Un nuovo studio descrive l’architettura della faglia di Bolfin nel deserto di Atacama (Cile)
Conoscere nel dettaglio l’architettura delle faglie e quindi la loro struttura interna è di fondamentale importanza per una migliore comprensione della meccanica dei terremoti. Spesso però le faglie non sono ben esposte in superficie perché sono coperte dalla vegetazione o da depositi. Un ulteriore problema consiste nel fatto che in diverse aree del mondo, compresa l’Italia, le parti esposte sono di frequente troppo superficiali e dunque non rappresentative delle profondità a cui nascono i terremoti.
Per questo motivo da diversi anni il Dipartimento di Geoscienze dell’Università degli Studi di Padova conduce missioni scientifiche nel deserto di Atacama in Cile, dove l’assenza di vegetazione consente di osservare in superficie faglie che, circa 120 milioni di anni fa, erano capaci di generare terremoti fino a magnitudo 6.5–7.0.

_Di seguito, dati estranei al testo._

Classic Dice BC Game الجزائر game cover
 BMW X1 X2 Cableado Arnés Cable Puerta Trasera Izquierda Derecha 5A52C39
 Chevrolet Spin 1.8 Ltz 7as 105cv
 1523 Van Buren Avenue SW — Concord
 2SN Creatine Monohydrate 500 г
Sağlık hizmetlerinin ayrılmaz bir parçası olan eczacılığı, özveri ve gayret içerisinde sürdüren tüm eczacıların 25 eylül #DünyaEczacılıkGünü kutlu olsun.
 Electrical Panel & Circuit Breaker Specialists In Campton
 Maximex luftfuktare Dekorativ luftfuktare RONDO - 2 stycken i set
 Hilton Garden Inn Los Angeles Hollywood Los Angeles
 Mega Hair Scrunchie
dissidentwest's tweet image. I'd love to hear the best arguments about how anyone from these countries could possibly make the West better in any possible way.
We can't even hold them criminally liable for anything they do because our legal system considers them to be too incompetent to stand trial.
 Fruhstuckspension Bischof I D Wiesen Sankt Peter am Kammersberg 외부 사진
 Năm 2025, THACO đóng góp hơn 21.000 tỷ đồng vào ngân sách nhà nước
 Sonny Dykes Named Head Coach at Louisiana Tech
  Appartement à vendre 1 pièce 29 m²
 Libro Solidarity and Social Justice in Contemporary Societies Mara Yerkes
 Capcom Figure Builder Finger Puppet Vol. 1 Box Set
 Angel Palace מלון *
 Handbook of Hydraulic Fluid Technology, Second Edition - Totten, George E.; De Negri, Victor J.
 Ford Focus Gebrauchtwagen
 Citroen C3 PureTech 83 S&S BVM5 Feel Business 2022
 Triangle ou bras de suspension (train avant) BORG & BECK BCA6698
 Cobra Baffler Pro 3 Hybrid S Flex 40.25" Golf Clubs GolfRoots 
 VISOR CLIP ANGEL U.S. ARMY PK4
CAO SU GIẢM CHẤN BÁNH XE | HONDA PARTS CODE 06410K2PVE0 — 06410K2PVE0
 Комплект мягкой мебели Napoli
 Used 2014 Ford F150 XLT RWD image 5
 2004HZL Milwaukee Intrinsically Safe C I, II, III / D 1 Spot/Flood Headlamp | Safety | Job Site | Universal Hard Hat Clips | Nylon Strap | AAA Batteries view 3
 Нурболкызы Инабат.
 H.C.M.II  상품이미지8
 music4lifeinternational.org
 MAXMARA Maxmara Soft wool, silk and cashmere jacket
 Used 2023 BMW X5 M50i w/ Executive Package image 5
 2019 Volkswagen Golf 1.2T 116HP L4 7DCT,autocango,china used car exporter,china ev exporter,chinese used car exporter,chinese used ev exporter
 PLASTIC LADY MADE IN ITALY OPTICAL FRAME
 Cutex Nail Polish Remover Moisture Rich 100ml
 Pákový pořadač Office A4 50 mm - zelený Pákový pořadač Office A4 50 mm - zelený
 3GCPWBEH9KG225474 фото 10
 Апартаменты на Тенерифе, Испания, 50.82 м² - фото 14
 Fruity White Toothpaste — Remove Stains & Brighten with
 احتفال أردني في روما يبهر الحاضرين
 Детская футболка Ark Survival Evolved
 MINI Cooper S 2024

Un nuovo studio, recentemente pubblicato su Journal of Structural Geology, ha descritto l’architettura della faglia di Bolfin e come questa varia lungo decine di chilometri di esposizione, portando a risultati che migliorano anche la comprensione dell’interazione tra fluidi e rocce a profondità sismogeniche e dei processi legati ad un particolare tipo di sequenze sismiche, gli sciami sismici.
“Sappiamo che queste faglie erano sismogenetiche perché abbiamo trovato pseudotachiliti, rocce che si fondono durante un terremoto per gli sforzi che avvengono sul piano di faglia e poi risolidificano”, introduce Simone Masoch, dottorando del Dipartimento di Geoscienze e primo autore dello studio.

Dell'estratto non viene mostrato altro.